Web page caption snippets:

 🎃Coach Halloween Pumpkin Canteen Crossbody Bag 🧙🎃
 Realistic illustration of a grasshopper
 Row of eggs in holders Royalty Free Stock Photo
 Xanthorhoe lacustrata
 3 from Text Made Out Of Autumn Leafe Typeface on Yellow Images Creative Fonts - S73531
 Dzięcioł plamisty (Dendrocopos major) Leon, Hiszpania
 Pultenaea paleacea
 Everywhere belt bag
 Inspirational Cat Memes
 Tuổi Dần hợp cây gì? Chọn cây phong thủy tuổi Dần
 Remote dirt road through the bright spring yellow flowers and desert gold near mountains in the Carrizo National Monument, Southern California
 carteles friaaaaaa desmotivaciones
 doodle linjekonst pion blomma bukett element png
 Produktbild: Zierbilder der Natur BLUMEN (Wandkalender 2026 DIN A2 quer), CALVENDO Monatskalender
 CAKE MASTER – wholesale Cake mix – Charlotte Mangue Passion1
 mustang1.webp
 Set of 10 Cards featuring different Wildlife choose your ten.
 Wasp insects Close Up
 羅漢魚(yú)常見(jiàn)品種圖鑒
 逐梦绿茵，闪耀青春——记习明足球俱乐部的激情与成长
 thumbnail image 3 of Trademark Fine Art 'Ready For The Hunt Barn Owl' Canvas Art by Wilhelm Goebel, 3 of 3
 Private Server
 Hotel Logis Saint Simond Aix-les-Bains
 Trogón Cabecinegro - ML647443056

Task objective: Return only the part of the records above that opens with the line containing "Xanthorhoe lacustrata" and closes with the line containing "doodle linjekonst pion", ends included.

Reply:
 Xanthorhoe lacustrata
 3 from Text Made Out Of Autumn Leafe Typeface on Yellow Images Creative Fonts - S73531
 Dzięcioł plamisty (Dendrocopos major) Leon, Hiszpania
 Pultenaea paleacea
 Everywhere belt bag
 Inspirational Cat Memes
 Tuổi Dần hợp cây gì? Chọn cây phong thủy tuổi Dần
 Remote dirt road through the bright spring yellow flowers and desert gold near mountains in the Carrizo National Monument, Southern California
 carteles friaaaaaa desmotivaciones
 doodle linjekonst pion blomma bukett element png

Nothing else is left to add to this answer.